John Hope

Personal information
- Born: 28 May 1866 Dunedin, Otago, New Zealand
- Died: 27 May 1950 (aged 83) Dunedin, Otago, New Zealand
- Bowling: Left-arm medium
- Role: Bowler

Domestic team information
- 1885/86–1899/2000: Otago

Career statistics
| Competition | First-class |
| Matches | 22 |
| Runs scored | 243 |
| Batting average | 10.56 |
| 100s/50s | 0/0 |
| Top score | 24 |
| Balls bowled | 3,304 |
| Wickets | 73 |
| Bowling average | 13.12 |
| 5 wickets in innings | 7 |
| 10 wickets in match | 1 |
| Best bowling | 6/23 |
| Catches/stumpings | 16/– |
- Source: Cricinfo, 16 July 2023

= John Hope (cricketer, born 1866) =

New Zealand cricketer (1866–1950)

John Hope (28 May 1866 – 27 May 1950) was a New Zealand sportsman. He played 22 first-class cricket matches for Otago between the 1885–86 and 1899–1900 seasons and played representative rugby union for the Otago and Southland Rugby Football Unions. He was later a prominent sports administrator in the province.

==Sporting career==
Hope was born at Dunedin in 1866 and educated at the Old Stone School in the city. He played club cricket for Carisbrook and made his representative debut against Canterbury in a Boxing Day 1885 fixture at Carisbrook, going on to play in a total of 22 first-class matches for the side, playing in every season from 1892–93 until the end of his career in December 1899. Primarily a bowler, he took 73 wickets in first-class cricket, including seven five-wicket hauls and recorded ten-wickets in a match once. His best innings bowling figures of 6/23 were taken against the touring Fiji side at Carisbrook in February 1895.

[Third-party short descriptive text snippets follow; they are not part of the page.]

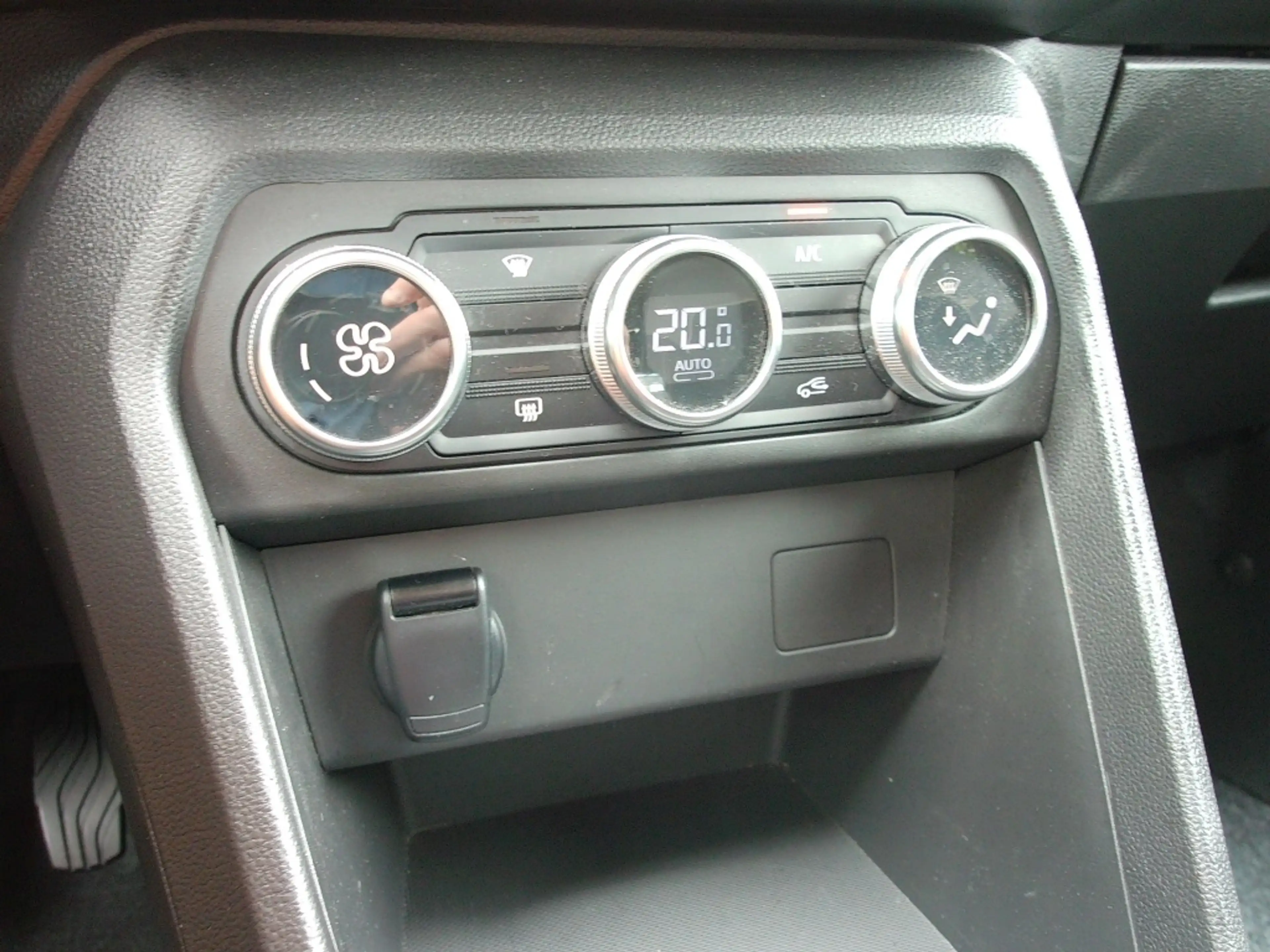 Dacia Jogger 1.0 TCe 110pk 7pl — photo 38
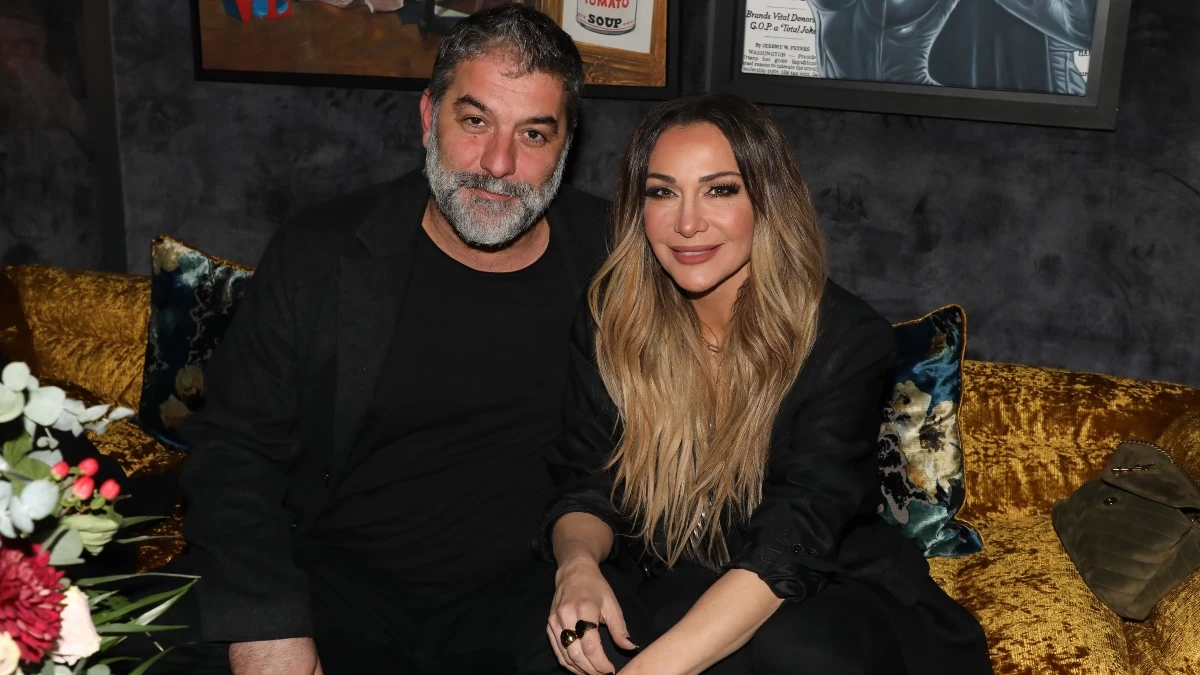 Δέσποινα Βανδή: Ρομαντικό ταξίδι με τον Βασίλη Μπισμπίκη στη Ρώμη - Η τρυφερή φωτογραφία στην αγκαλιά του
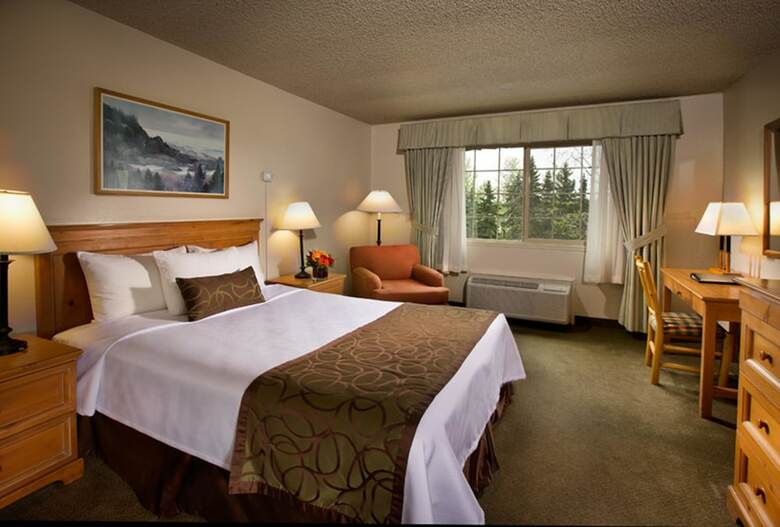 Hotel Coast Inn At Lake Hood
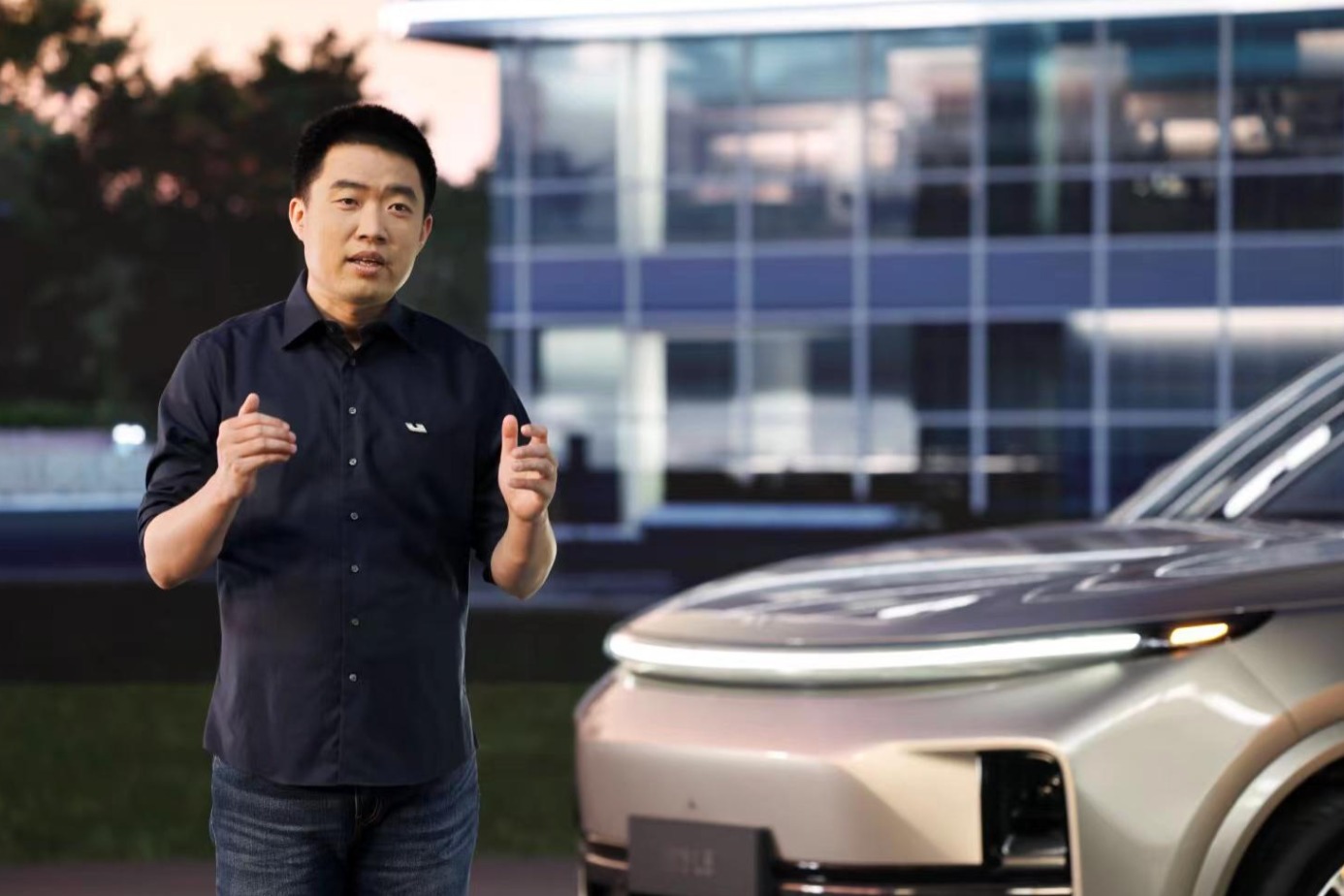 李想:理想汽车将尝试影视综植入广告,但不会请明星代言人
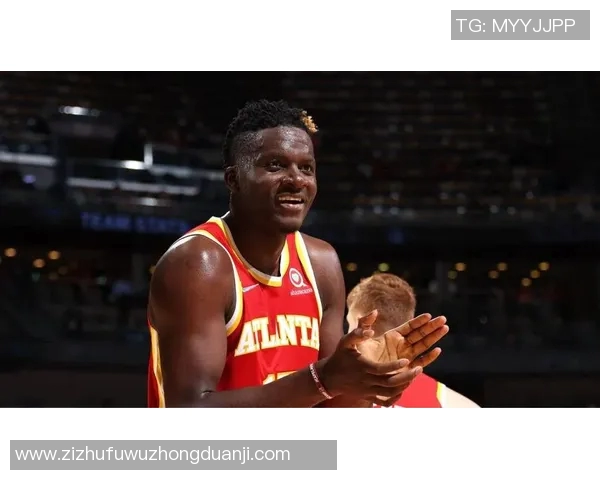 克林特卡佩拉：从新秀到明星中锋的成长之路与篮球梦想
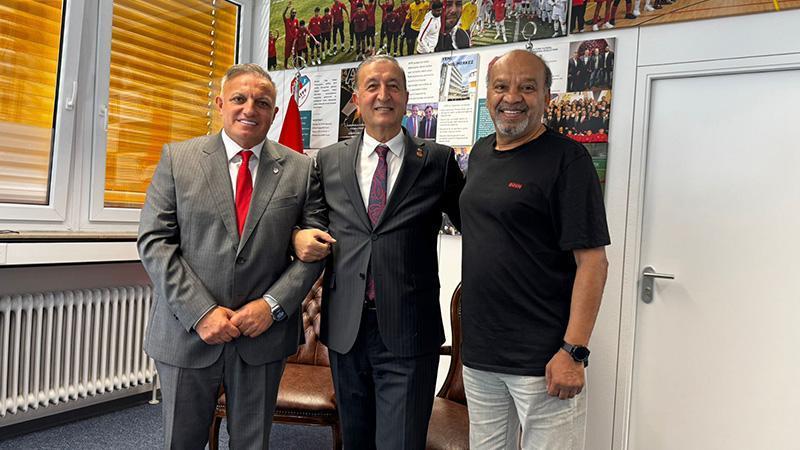 Avrupa Türk Futbol Federasyonu’na bir destek de ABP’den geldi Avrupa Türk Futbol Federasyonu’na bir destek de ABP’den geldi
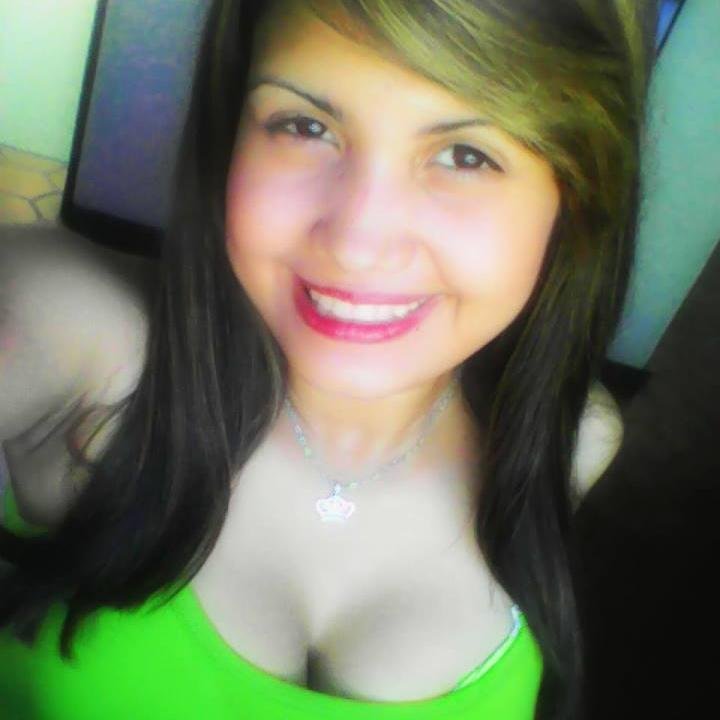 Soy una Cachetona tierna♥, me encanta bailar y todo me da risa,Odiosa, y Sincera;* Sí me sigues excelente te seguiré!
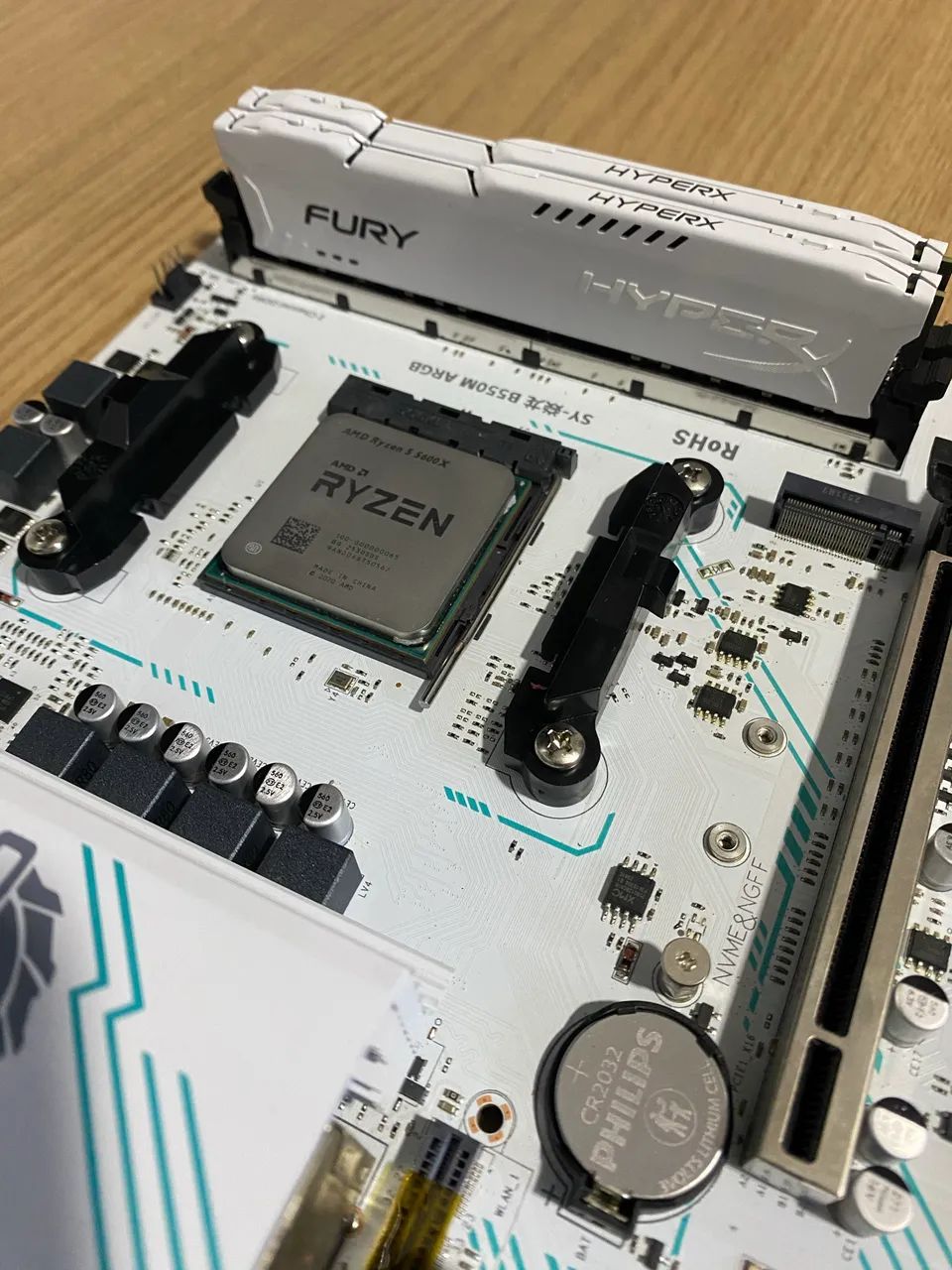 Kit placa mãe e processador Ryzen 5 com 32gb de RAM - Foto 2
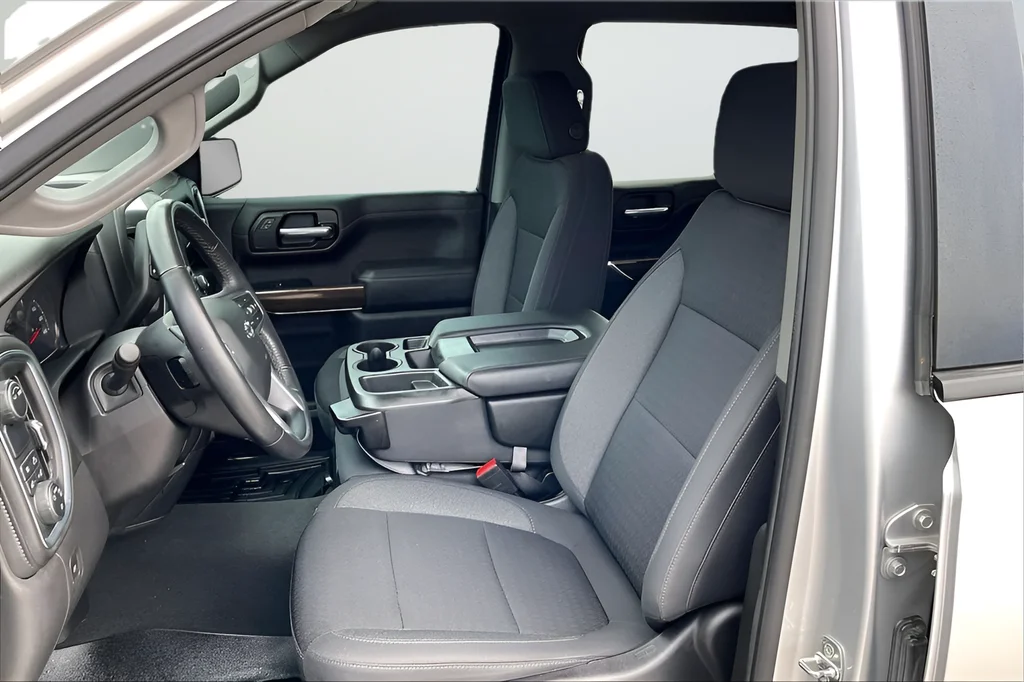 Used 2022 Silver Chevrolet RST image 17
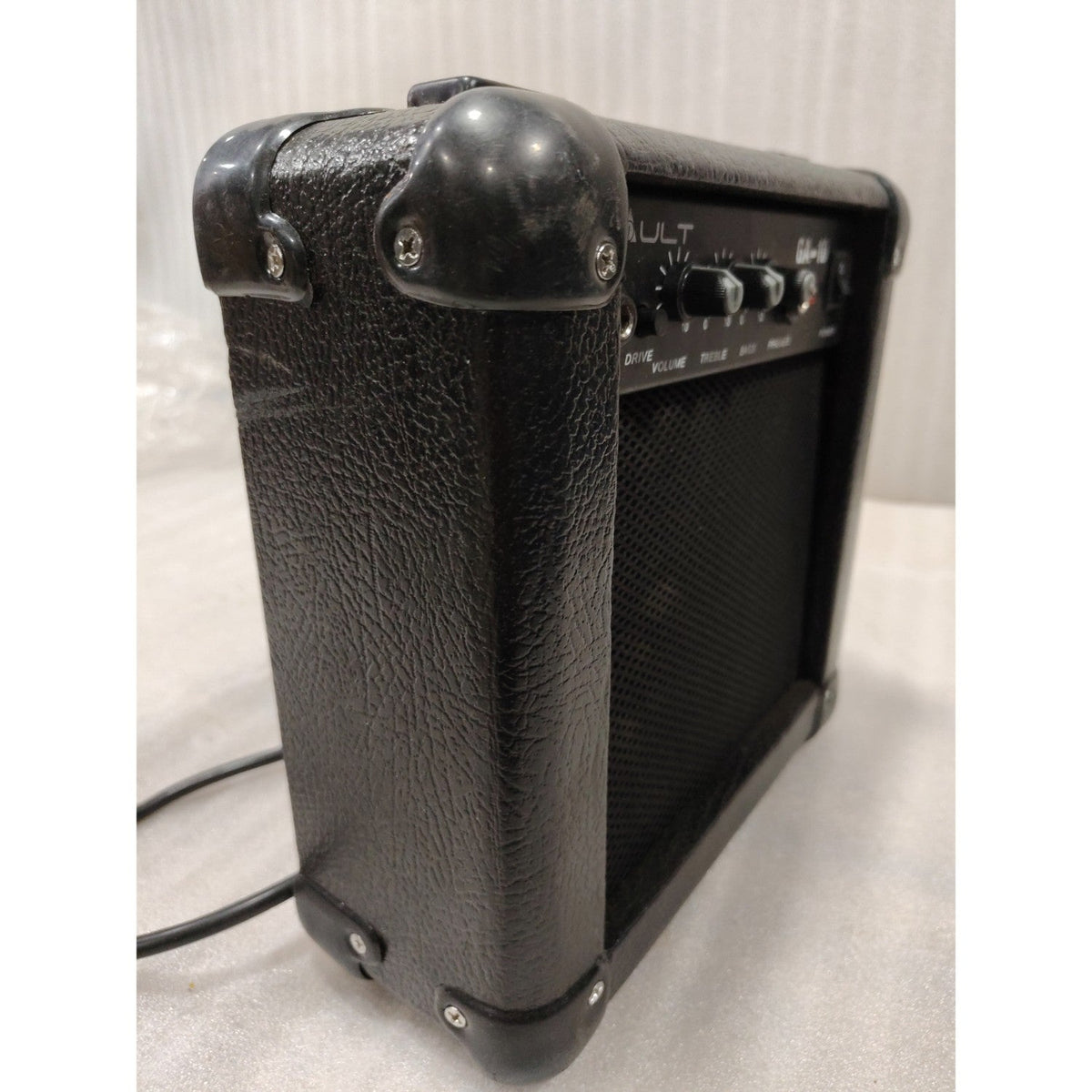 Vault GA10 Guitar Amplifier - 10 watts - Open Box A Stock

A long-term member of the Union Football Club in Dunedin, Hope played rugby union as a three-quarter for Otago and Southland. He played against the touring New South Wales side in 1886 and in 1888, whilst playing in Invercargill, played representatively for Southland against Otago―considered "so well known in Dunedin" by the Otago Witness that there was no need for the paper to comment on him. The Southland Times, however, described him as having a "splendid drop kick" and being a "good dodgy runner". Later in the same season he played for Otago against the touring British side which played throughout New Zealand and Australia.

==Later life==
After retiring from playing cricket and rugby, Hope remained active in the sporting world. He played lawn bowls and was a life member of and president of Carisbrook Cricket Club, the Otago Cricket Association and Union FC, of which he was also the patron. He served as president of the Mornington Bowling Club, was mayor of the Mornington area of Dunedin for a year and was involved with a number of other organisations throughout the city. He founded a firm of funeral directors during the 1880s and was a prominent Dunedin businessman.

Hope was married and had five children. He died at Dunedin in 1950 aged 83. In a 2010 publication he was the only New Zealand first-class cricketer who was identified as being of Jewish heritage. (Note: Note that Louis Joel, who played one match for Otago in 1899, was certainly Jewish, and Harry Siedeberg, who played for Otago and New Zealand before World War I, had Jewish ancestry.)